Work order >>
Search the records for the string "image", then copy each line that has it.
+ + +
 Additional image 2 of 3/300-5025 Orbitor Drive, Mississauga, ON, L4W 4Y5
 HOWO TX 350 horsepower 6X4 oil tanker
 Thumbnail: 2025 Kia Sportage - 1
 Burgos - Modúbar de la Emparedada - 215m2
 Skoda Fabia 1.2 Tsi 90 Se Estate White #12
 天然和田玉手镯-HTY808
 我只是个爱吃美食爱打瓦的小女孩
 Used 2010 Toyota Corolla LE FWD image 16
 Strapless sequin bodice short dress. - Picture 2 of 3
+ + +
Written response >>
 Additional image 2 of 3/300-5025 Orbitor Drive, Mississauga, ON, L4W 4Y5
 Used 2010 Toyota Corolla LE FWD image 16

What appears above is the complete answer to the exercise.